** Opening Dataset records block **

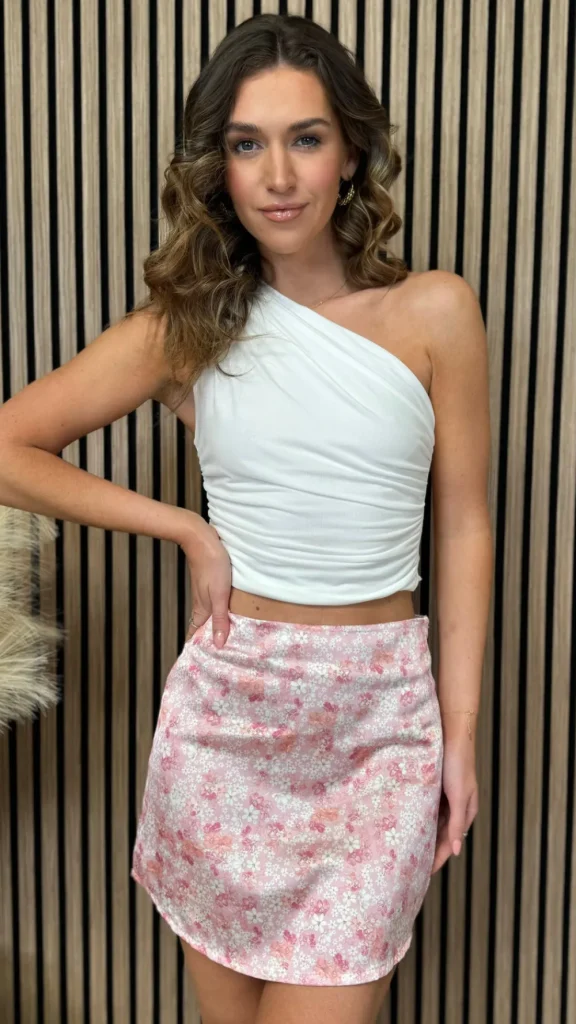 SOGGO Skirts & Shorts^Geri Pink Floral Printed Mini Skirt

** Closing Dataset records block **
** Opening Dataset records block **

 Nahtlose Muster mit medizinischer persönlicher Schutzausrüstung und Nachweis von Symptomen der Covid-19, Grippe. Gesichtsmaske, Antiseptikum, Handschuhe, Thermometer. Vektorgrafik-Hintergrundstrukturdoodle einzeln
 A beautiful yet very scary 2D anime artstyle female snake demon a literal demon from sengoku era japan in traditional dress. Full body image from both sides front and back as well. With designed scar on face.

** Closing Dataset records block **

• [Task instructions]: From the material above, set down exactly the lines between the line holding "Nahtlose Muster mit" and the line holding "A beautiful yet", inclusive. Include nothing else.

• [Output of the exercise]:
 Nahtlose Muster mit medizinischer persönlicher Schutzausrüstung und Nachweis von Symptomen der Covid-19, Grippe. Gesichtsmaske, Antiseptikum, Handschuhe, Thermometer. Vektorgrafik-Hintergrundstrukturdoodle einzeln
 A beautiful yet very scary 2D anime artstyle female snake demon a literal demon from sengoku era japan in traditional dress. Full body image from both sides front and back as well. With designed scar on face.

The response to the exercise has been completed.